Eine wunderschöne Gegend, liebevolle Menschen, viel Natur.
Und dann kamen wir.
Mit Enjah und Flusen.
Damit war die Ruhe vorbei.
Enjah sprang aus dem Auto und war sofort im Modus:
„Moment.
Hier war ich doch schon mal.
Oder?
Da hinten kenne ich was.
Und da auch.
Und überhaupt muss ich jetzt ALLES gleichzeitig anschauen.“
Sie hüpfte durch die Gegend wie ein Flummi mit Erinnerungslücken.
Hier schnuppern.
Da gucken.
Dort hoch.
Wieder runter.
Man konnte ihrem Gesicht praktisch beim Denken zuschauen:
„Da war doch was.“
Ob sie sich wirklich erinnert hat, weiß ich natürlich nicht.
Aber sie wirkte ein bisschen wie jemand, der nach zwanzig Jahren sein altes Kinderzimmer betritt und plötzlich denkt:
Moment mal.
Diese Tapete kenne ich.
Flusen hatte währenddessen ganz andere Prioritäten.
Denn da war ein Mann.
Und Flusen liebt Männer.
Ich weiß nicht warum.
Man kann zehn Menschen in einen Raum stellen und Flusen findet innerhalb von Sekunden zuverlässig den Mann.

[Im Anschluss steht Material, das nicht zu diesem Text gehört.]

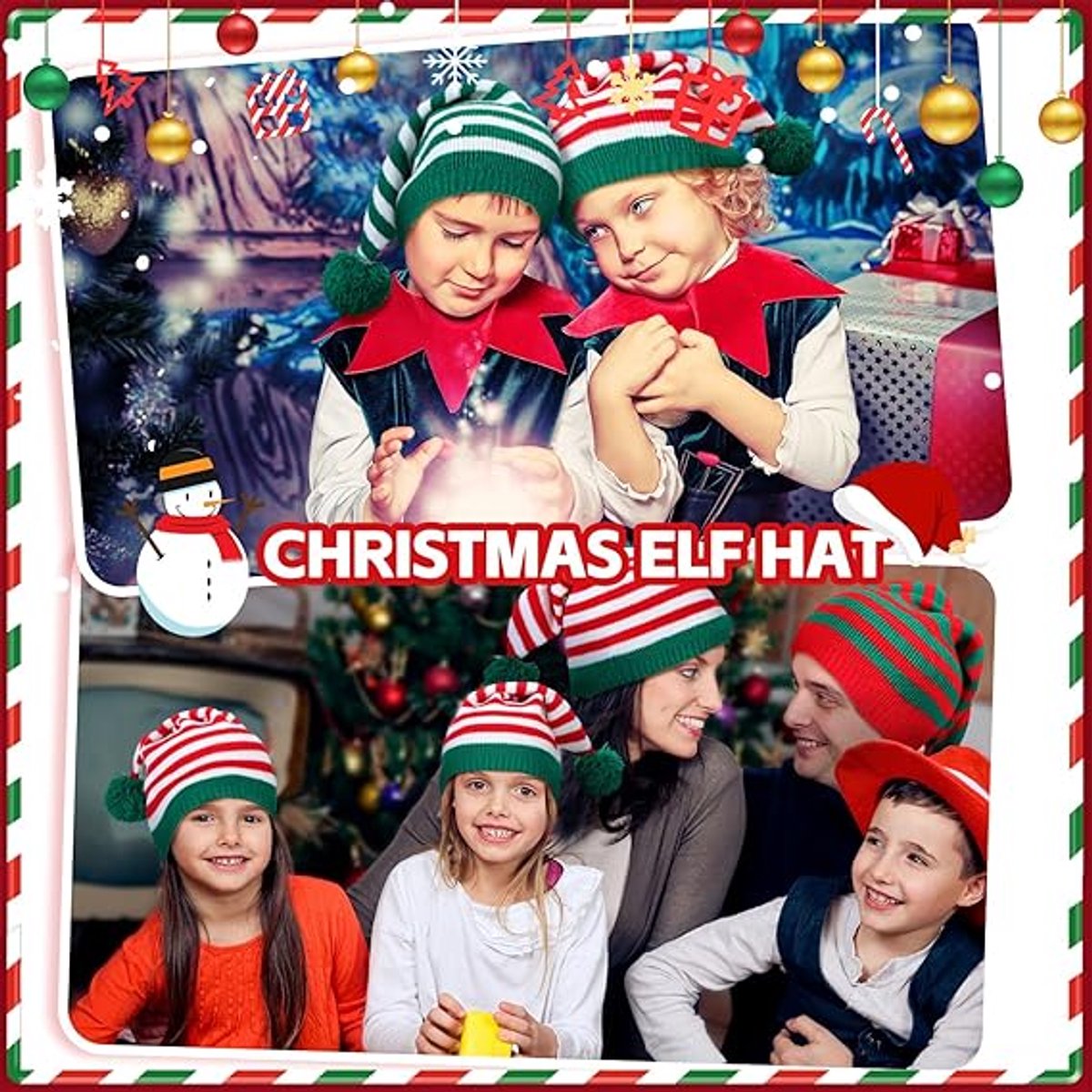 Hats - 6 pieces - Santa hats - Three styles of Santa hats - One size - Unisex - Christmas accessories/decorations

Dann beginnt er Beziehungspflege.
Plötzlich läuft er ordentlich an der Leine.
Plötzlich zieht er nicht.
Plötzlich kennt er gesellschaftliche Umgangsformen.
Ich schaue ihm dabei inzwischen nur noch fassungslos zu.
Bei mir:
„Ich muss da vorne sofort hin.“
Bei Männern:
„Sehr angenehm. Darf ich Sie ein Stück begleiten?“
Dann gingen wir ins Haus.
Und dort fiel dieser Satz.
„Hunde dürfen bei uns alles.“
Ich dachte kurz:
Mutig.
Sehr mutig.
Enjah und Flusen hörten natürlich nur:
ALLES.
Enjah stürmte los.
„Was ist da?
Was ist dort?
Kann ich da hoch?
Was liegt hier?
Oh.
HOLZ.“
Sekunden später wurde in der Wohnung Holz zerlegt.

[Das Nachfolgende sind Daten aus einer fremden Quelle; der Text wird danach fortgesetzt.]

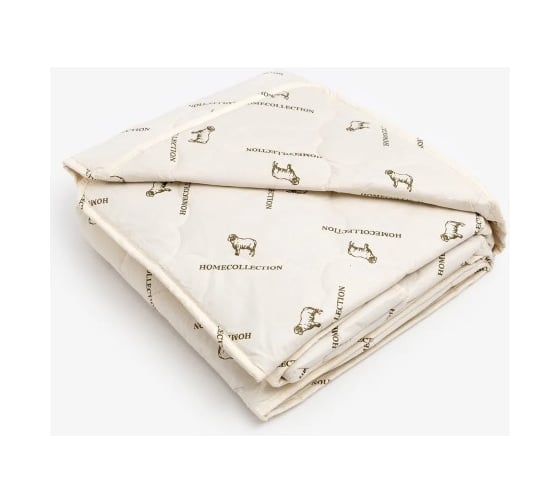 Одеяло Этель Овечья шерсть 140x205 см, тик, 300 г/м2 771536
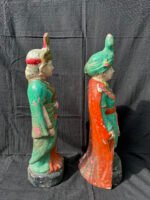 Majestic 18-Inch King & Queen Terracotta Idol – Handcrafted Royal Clay Golu Doll for Elegant Decor - Image 3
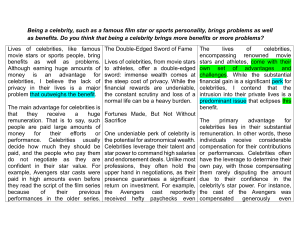 Being a celebrity pros and cons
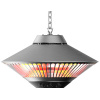 ELMETFIRE Topidlo Merkur C (MARS) 750-1500W, 230V, závěsné se svítidlem LED 6W, Ø380mm, IP55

Ich wollte gerade einschreiten, da fiel mir wieder ein:
Hunde dürfen hier alles.
Nun gut.
Vertrag ist Vertrag.
Dann entdeckten sie die Leckerchen.
Normalerweise gilt bei uns so etwas wie:
Sitz.
Warten.
Ein Hauch von Benehmen.
Dort offenbar nicht.
Enjah verstand das System sofort.
„Moment.
Ich muss gar nichts tun?“
Leckerchen.
„Wirklich gar nichts?“
Leckerchen.
Ich sah, wie sie innerlich ihre Koffer packte.
Alte Heimat hin oder her.
Das hier hatte Zukunft.
Wir waren den ganzen Tag draußen, sind spazieren gegangen und haben die Orte gesehen, an denen Enjah ihre erste Zeit verbracht hat.

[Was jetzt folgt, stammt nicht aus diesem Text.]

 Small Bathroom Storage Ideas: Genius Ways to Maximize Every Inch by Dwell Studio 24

Und ich fand es einfach schön.
Zu wissen, dass sie dort geliebt wurde.
Zu sehen, wo sie gewesen ist.
Mit Menschen zusammenzusitzen, die sie gekannt haben, bevor sie unsere kleine Systemsprengerin wurde.
Oder vielleicht war sie das damals schon.
Sehr wahrscheinlich sogar.
Wir haben viel geredet, unglaublich viel gelacht und hervorragend gegessen.
Fish and Chips.
Burger.
Diverse Dinge, deren genaue Besitzverhältnisse in Anwesenheit zweier Hunde nicht abschließend geklärt werden konnten.
Flusen saß selbstverständlich bevorzugt beim Mann.
Enjah überwachte den Rest.
Auf der Rückfahrt war dann plötzlich komplette Stille.
Das Rudel schlief tief und fest.
Flusen.
Enjah.
Ich.
Nur Annette nicht.
Sie fuhr.
Was sich für die Verkehrssicherheit als ausgesprochen günstig erwies.
Wir wollen nächstes Jahr unbedingt wiederkommen.
Ich glaube, alle Beteiligten sind dafür.
Enjah wegen der alten Heimat.
Annette und ich wegen der Menschen.
Flusen wegen des Mannes.
Und vermutlich beide Hunde wegen dieses einen wunderschönen Satzes:
„Hunde dürfen bei uns alles.“
Den werden sie nie wieder vergessen.